*** EXTRACTED MATERIAL ***

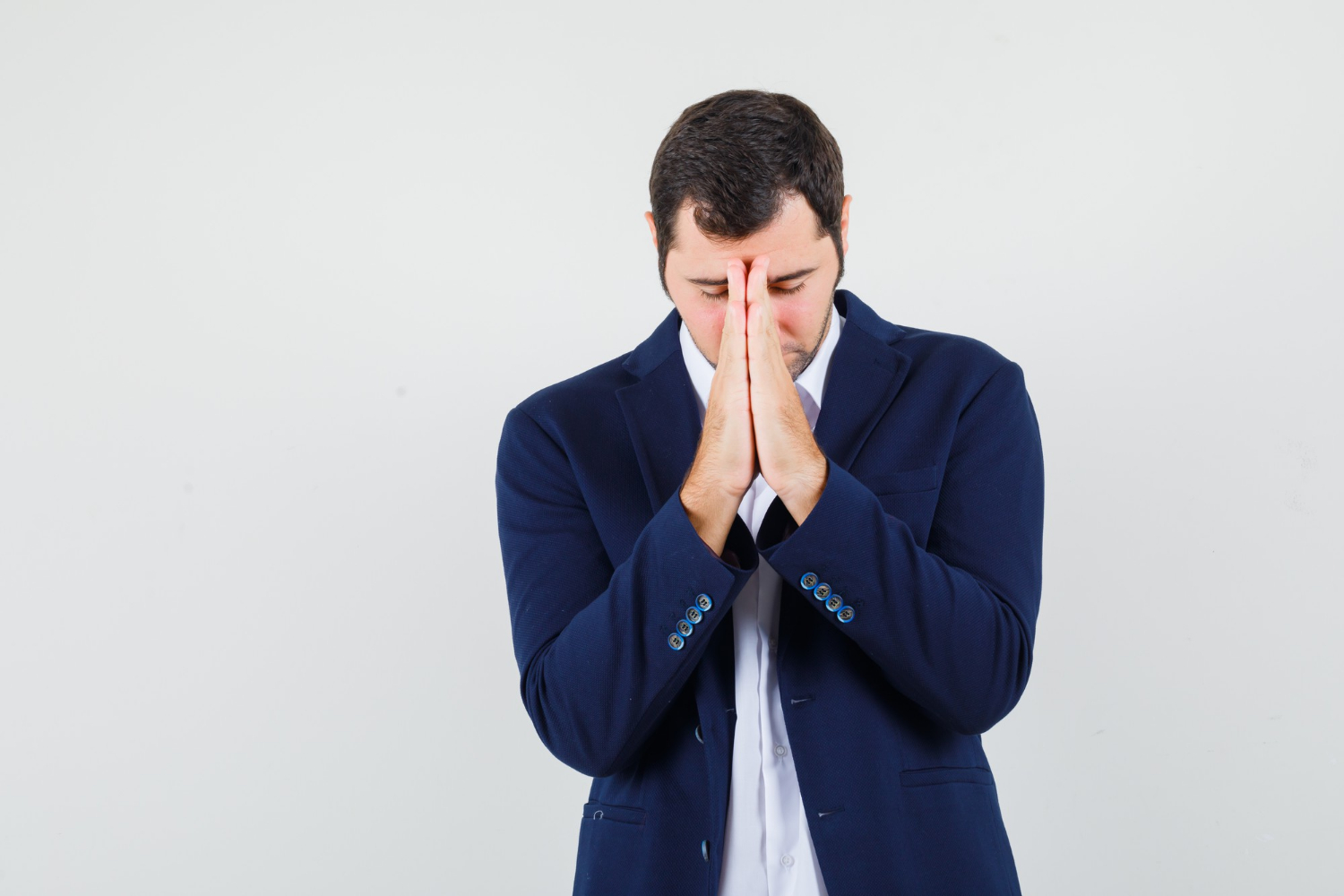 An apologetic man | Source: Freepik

***
*** EXTRACTED MATERIAL ***

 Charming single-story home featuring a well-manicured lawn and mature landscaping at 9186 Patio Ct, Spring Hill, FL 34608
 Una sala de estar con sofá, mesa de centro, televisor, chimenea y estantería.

***

> WORK TO COMPLETE:
Among the entries above, the lines between the ones containing "Charming single-story home" and "Una sala de", inclusive, are to be transcribed exactly. No other line is to be given.

> TASK RESPONSE:
 Charming single-story home featuring a well-manicured lawn and mature landscaping at 9186 Patio Ct, Spring Hill, FL 34608
 Una sala de estar con sofá, mesa de centro, televisor, chimenea y estantería.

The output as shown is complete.